From a far away perspective, FRMG is essentially a large coverage hand-crafted grammar for French that may be used to parse sentences and to produce syntactic structures (parses).
Hand-crafting large grammars (or Grammar Engineering) was the way to develop parsers 20 years ago for several important grammatical formalisms such as Tree Adjoining Grammars (TAG), LFGs, HPSGs, CCGs, ...
The arising of successful (supervised) data-driven approaches have since then largely superseded hand-crafted grammars and grammar engineering.
Several weaknesses have been advanced against hand-crafted grammars:
- they require a strong expertise both on the linguistic side and about the grammatical formalism (TAGs, LFGs, ...). The data-driven approaches allow a separation between people with linguistic expertise to annotate treebanks on one side and people skilled in machine-learning on the other side.
- it is difficult to increase the coverage of the grammar, because of the large diversity of rarer and rarer syntactic phenomena to cover but also because of the increasing complexity of the interactions between the different structures of the grammar
- it becomes also more and more difficult to maintain the grammar over time, to modify it and to extend it
- it becomes more and more difficult to extract the right parse from larger and larger search spaces without probabilities (on grammatical structures or operations on the structures), and probabilities requires data !
- efficiency becomes an issue with more and more structures, and more and more interactions between them (larger search spaces). Again, propabilities seems to be the key to prune as soon as possible the search spaces (the extreme case being the greedy parsers such as Malt).
These weaknesses are largely true, but we can also list some advantages of hand-crafted grammars
- even if difficult, they can be understood, when most data-driven approaches produce black-box models or non-linguistic grammars
- it is also possible to extend them to cover new syntactic phenomena, something difficult with data-driven approaches without modifying/extending the training treebank
- they tend to be more robust over various domains and benefit from the tendency of grammar designers to be as generic as possible when describing a phenomena, when data-driven tend to be strongly dependent on their training treebank
- a lesser known fact is paradoxically their capacity to fail on some sentences, hinting (sometimes) to yet uncovered syntactic phenomena when a statistical parser will happily provides a probably erroneous parse !
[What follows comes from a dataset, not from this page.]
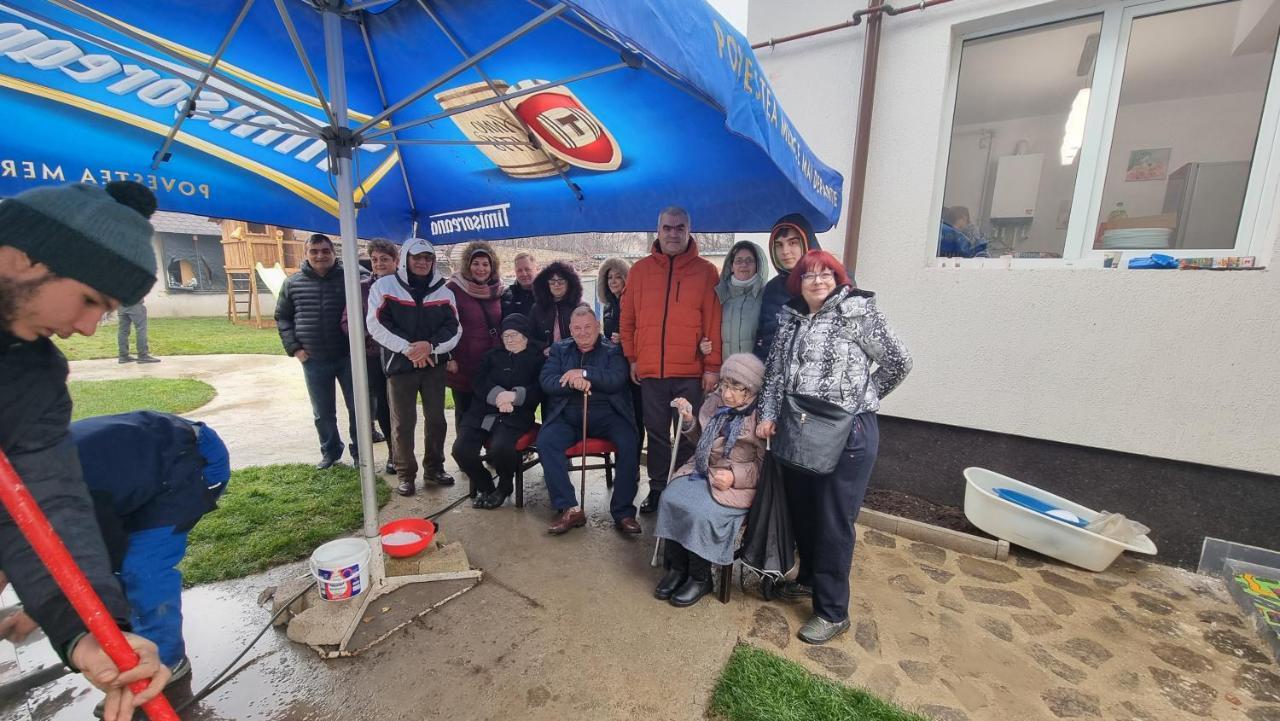 Pensiunea Casa Ober Braşov Esterno foto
The development of FRMG over the last 10 years is here to prove that is possible to develop and maintain a large coverage grammar over a relatively long period of time, relying on good choices at the beginning and using many grammar engineering tricks since then.
One of the last of these engineering tricks is the development of FRMG Wiki, as a way to present the grammar, to offer a way for people to try the parser, to provide feedback, and also to discuss complex or missing syntactic phenomena. Sentence parses can also be easily in wiki page, as done for the following sentence "whoever you are, be welcome!"
This tutorial will take place in this linguistic wiki, with the objective to show the different components of FRMG.
So, it is now time to look more closely at FRMG, whose acronym stands for FRench MetaGrammar. It is primarily a wide coverage abstract grammatical description for French.
Metagrammars could theoretically be directly used to parse sentences. However, they have been mostly designed to ease the work of syntacticians to describe grammatical phenomena using elementary constraints and a modular organization. In practice, metagrammars are then used to derive an operational grammar, a Tree Adjoining Grammar (TAG) in the case of FRMG. The operational grammar is then compiled into a chart-like parser. At this point, a lot of efforts has still to be deployed to get an efficient, robust, and accurate parser !